Pour asseoir la requalification, le conseil de prud‘hommes constate l’existence d’un système de géolocalisation obligatoire du livreur qui permet le suivi en temps réel de son activité et d’un mécanisme de sanction de Deliveroo à son égard, induisant un pouvoir de direction et de contrôle caractérisant l’existence d’un lien de subordination.
Le conseil de prud’hommes relève également que la société Deliveroo fixait seule les prix des courses du livreur et se réservait le droit de modifier unilatéralement ses zones géographiques de livraison.

Le jugement du conseil de prud’hommes est susceptible de faire l’objet d’un appel ; il n’est donc pas définitif.

Commentaire

.1 La décision du conseil de prud’hommes se situe dans la droite ligne de la jurisprudence Take Eat Easy de la chambre sociale de la Cour de cassation du 28 novembre 2018 (voir la décision et le commentaire) rendue dans une affaire quasi similaire relative à la nature des relations entre une plateforme numérique de mise en relation et un travailleur effectuant des livraisons de plats cuisinés.
Dans cette affaire, à l’occasion de laquelle la Cour de cassation était appelée à se prononcer pour la première fois sur ce sujet, celle-ci avait censuré une décision d’une cour d’appel qui n’avait pas reconnu la qualité de salarié au livreur à domicile d’une plateforme numérique de mise en relation.
La Cour de cassation avait considéré, au contraire, que l’existence d’un système de géolocalisation obligatoire du livreur, ainsi que la possibilité pour la plateforme numérique de lui infliger des sanctions, relevait d’un pouvoir de direction et de contrôle caractérisant l’existence d’un contrat de travail.

.2 Dans le cadre de cette requalification, le conseil de prud’hommes n’a pas cependant fait droit à la demande du travailleur d’obtenir la régularisation de ses cotisations sociales auprès du régime général, estimant que l’indemnité forfaitaire de l’article L.8223-1 du code du travail équivalente à six mois qui lui est accordée, est destinée à couvrir également ce préjudice social.

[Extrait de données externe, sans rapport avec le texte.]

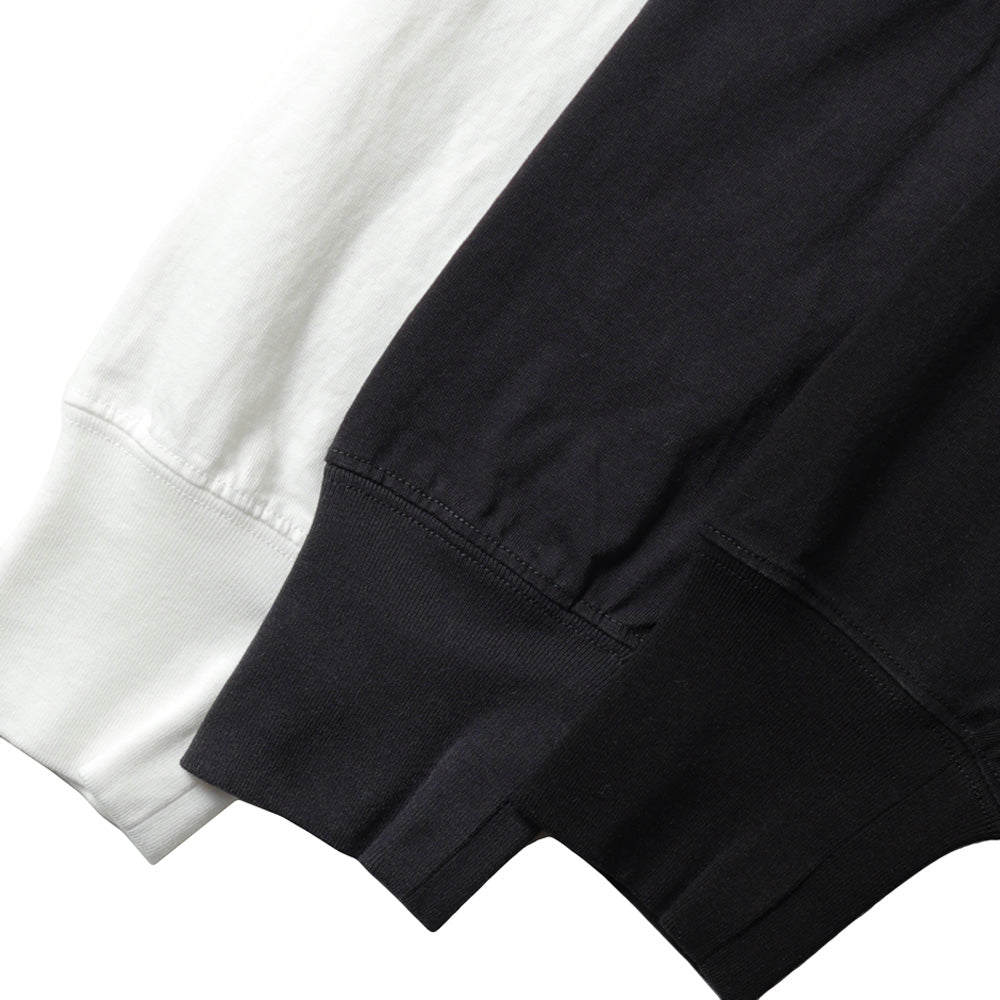TROOPER L/S HENRY NECK TEE COTTON JERSEY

Sur ce point, l’analyse du conseil de prud’hommes n’est pas en adéquation, ni avec la nature juridique de cette indemnité, et ses effets, ni avec la position de la chambre sociale de la Cour de cassation qui reconnaît au salarié le droit d’obtenir la régularisation du versement de ses cotisations sociales, ainsi que des dommages-intérêts spécifiques pour ce préjudice particulier (voir la décision).

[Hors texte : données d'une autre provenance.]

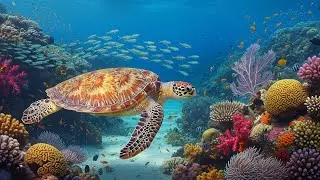 Calming Waves with Healing Night Vibes for Stress and Anxiety Relief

.3 Bien que la décision du conseil de prud’hommes soit susceptible de faire l’objet d’un appel, elle vient s’ajouter, eu égard à son analyse, à d’autres décisions majoritairement requalifiantes en salariat des travailleurs des plateformes numériques, dont celle de la cour d’appel de Paris du 10 janvier 2019 relative à un travailleur, chauffeur VTC, pour le compte de la société Uber (voir la décision).

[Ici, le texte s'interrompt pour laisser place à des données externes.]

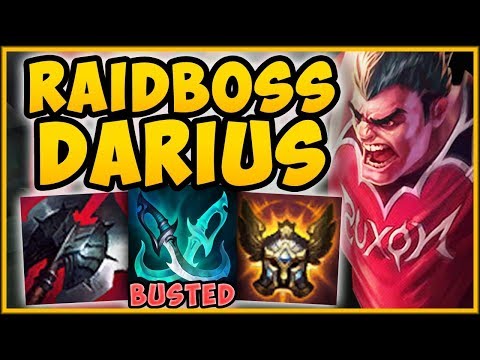 NEW PHANTOM DANCER BUFFS MAKE DARIUS TOO BUSTED! DARIUS SEASON 9 TOP GAMEPLAY! - League of Legends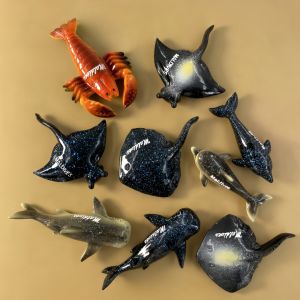 Maldives Creative Ocean World Series Magnetic Refridgerator Magnets Souvenir Tourism Collection Decoration Hand Companion Gift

.4 La question se pose désormais de savoir si ces plateformes numériques vont faire évoluer leur modèle économique pour employer ces travailleurs sous un statut de salarié, au regard de cette jurisprudence plutôt convergente à ce jour et qui concernent de surcroît des "majors" du secteur, de la décision du Conseil constitutionnel du 20 décembre 2019 qui a censuré les dispositions de la loi LOM du 24 décembre 2019 interdisant la requalification judiciaire du statut du travailleur, en présence d’une charte sociale homologuée (voir la décision et le commentaire) et du sort réservé par la Cour de cassation à l’introduction dans le code du travail par la loi Madelin du 11 février 1994 du concept de lien de subordination juridique permanente (voir la première décision de la Cour de cassation).